Chapter 9 examines the development of the parental brain in animals, emphasizing that the way a mother treats her offspring affects their brain development and their subsequent maternal behavior, leading to an intergenerational continuity of maternal phenotypes. Two proposals are evaluated. First, maternal treatment influences the development of maternal motivation circuits in offspring. In support, the development of medial preoptic area projections to the mesolimbic dopamine system is affected. Second, maternal treatment influences the development of neural systems that regulate anxiety and stress reactivity in offspring. In support, the development of medial prefrontal cortex regulation of amygdala reactivity to stressful situations is affected. Deficient development of maternal motivation circuits may contribute to neglectful maternal behavior; deficient development of emotion regulation circuits may contribute to abusive maternal behavior. Epigenetics, particularly DNA methylation, and gene by environment interactions are involved in these processes.

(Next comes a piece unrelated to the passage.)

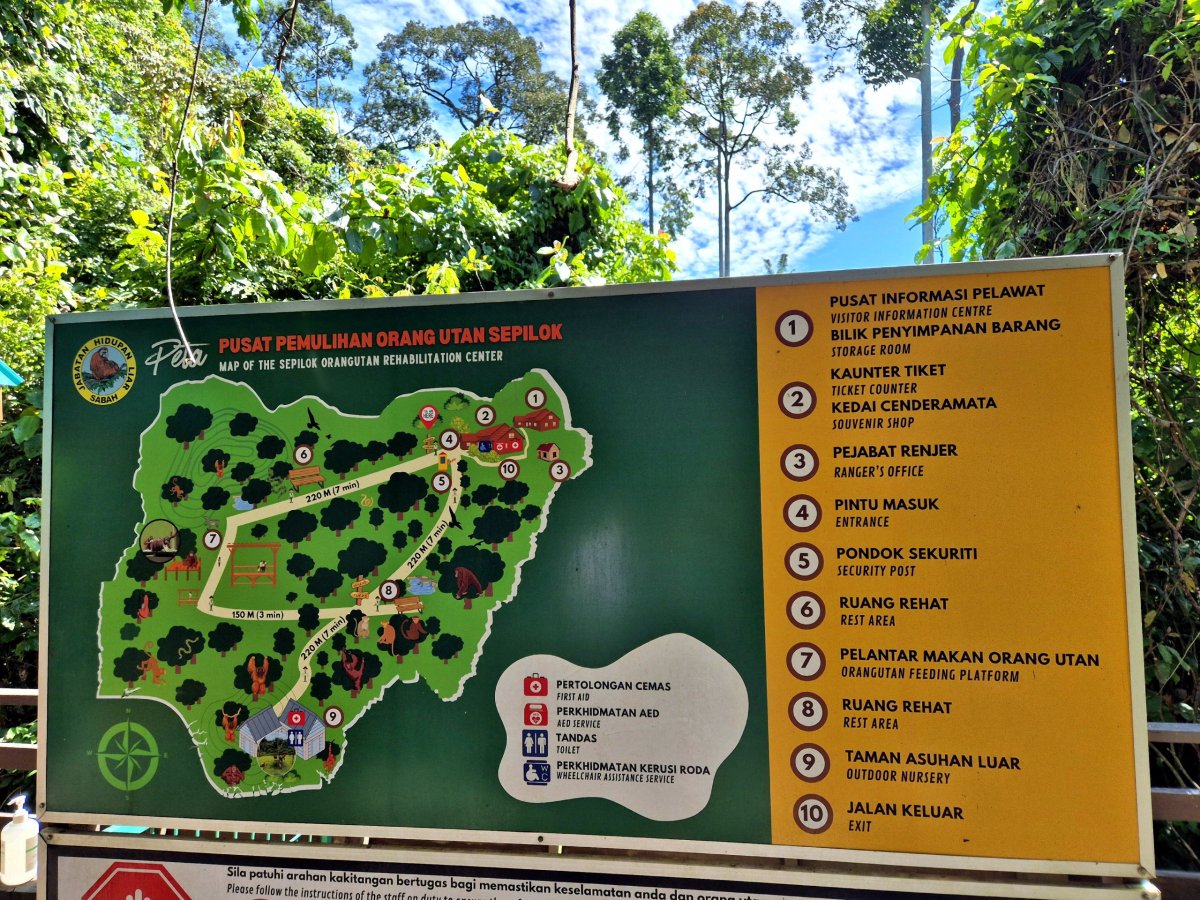 Sepilok Orangutan Rehabilitation Centre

Chapter 7 examines alloparental and paternal behavior. Although these behaviors are rare in mammals, their occurrence indicates that parental behavior can occur in the absence of pregnancy and parturition. For mammals of both sexes, dual brain circuits affect whether parental behavior occurs: An inhibitory defensive circuit (anterior hypothalamus/ventromedial hypothalamus projections to periaqueductal gray), and an excitatory parental circuit (medial preoptic area, mesolimbic dopamine system, and the oxytocin system). When alloparental behavior occurs, either through experimental genetic selection (virgin female laboratory house mice) or through natural selection (prairie voles, marmosets), the defensive circuit has been downregulated and the parental circuit has been upregulated by such selection. When paternal behavior occurs, either naturally (California mice, dwarf hamsters) or experimentally (laboratory rats and house mice), copulation with a female and remaining with her through parturition depresses the male’s defensive circuitry while activating his parental circuitry.